Together, these treasures, part of a National Historic Landmark site, not only share a story of American resilience, but also impart a deep understanding and commitment to pass on the values and character of our "Greatest Generation." But the passage of time has taken its toll on these buildings. Although corrosion and site deterioration from years of deferred maintenance threaten, it is clear that standing on this battlefield stirs the heart. As the 75th anniversary of the attack on Pearl Harbor approaches, the task at hand becomes more pressing.
More than 1.5 million people have visited the site since Pacific Aviation Museum Pearl Harbor opened its doors in 2006. Occupying the historic hangars that still carry the scars and bullet holes of that "Day of Infamy", the museum provides an educational and emotional experience to nearly a quarter million visitors each year.
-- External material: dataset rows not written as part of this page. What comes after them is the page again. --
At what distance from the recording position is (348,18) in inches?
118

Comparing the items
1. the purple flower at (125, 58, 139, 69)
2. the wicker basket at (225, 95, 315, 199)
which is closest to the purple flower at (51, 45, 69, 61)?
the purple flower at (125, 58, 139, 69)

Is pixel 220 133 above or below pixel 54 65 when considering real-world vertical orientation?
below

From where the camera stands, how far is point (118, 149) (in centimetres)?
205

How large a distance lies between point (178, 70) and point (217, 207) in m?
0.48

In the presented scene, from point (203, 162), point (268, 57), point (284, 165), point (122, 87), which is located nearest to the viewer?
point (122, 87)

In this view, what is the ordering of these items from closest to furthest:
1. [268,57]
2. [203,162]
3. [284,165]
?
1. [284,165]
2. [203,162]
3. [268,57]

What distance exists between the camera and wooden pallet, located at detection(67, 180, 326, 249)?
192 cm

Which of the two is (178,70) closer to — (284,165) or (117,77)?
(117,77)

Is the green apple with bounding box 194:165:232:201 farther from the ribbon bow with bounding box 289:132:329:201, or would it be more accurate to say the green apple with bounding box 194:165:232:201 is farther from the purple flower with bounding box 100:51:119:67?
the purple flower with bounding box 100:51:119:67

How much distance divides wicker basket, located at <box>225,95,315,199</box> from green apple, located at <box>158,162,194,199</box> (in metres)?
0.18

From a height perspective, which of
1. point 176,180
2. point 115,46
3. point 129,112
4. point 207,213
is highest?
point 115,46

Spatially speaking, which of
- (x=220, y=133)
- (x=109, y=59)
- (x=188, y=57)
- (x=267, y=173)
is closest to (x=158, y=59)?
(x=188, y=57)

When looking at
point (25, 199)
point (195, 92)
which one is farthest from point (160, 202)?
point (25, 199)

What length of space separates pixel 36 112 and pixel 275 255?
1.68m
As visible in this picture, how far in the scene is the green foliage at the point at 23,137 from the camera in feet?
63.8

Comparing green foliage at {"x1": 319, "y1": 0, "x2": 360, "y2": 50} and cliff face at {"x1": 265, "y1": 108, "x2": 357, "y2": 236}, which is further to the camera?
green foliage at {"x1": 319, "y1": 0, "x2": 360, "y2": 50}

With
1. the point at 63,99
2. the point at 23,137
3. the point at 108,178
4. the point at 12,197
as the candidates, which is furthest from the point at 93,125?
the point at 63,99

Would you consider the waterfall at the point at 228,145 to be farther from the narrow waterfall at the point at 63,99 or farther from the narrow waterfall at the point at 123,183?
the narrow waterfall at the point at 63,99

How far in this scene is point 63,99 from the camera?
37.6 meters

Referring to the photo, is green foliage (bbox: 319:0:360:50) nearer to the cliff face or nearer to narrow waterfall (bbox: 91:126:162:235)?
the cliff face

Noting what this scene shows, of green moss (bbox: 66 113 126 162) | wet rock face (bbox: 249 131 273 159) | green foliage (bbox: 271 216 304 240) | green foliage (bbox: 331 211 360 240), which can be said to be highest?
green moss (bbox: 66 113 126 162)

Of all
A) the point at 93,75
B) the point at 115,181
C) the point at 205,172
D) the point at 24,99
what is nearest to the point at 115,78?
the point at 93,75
The impact on youth is even more dramatic. Understanding history, both the events and the impact generated, inspires reverence and an emotional commitment to seek peaceful solutions to conflict. History teaches young people, the leaders of our future, that understanding our past empowers choices that negate fateful outcomes.
Federal support helped stabilize the iconic Ford Island Control Tower in 2012, with 53 tons of steel replaced to ensure the structural integrity of this historic building. But with the interior gutted, the elevator idle in its shaft awaiting repair, and utilities to the structure cut, the public cannot enter. "To be honest, when I saw a photo of the interior of the Tower and the historic runway that stretches the length of Ford Island, completely overgrown with weeds, I felt ashamed, as a retired United States Marine, and as an American," commented Bob Lutz. "That image convinced me to do something to ensure that this site forever tells the story of Pearl Harbor. As an old marine once said, if it is to be, it is up to me!"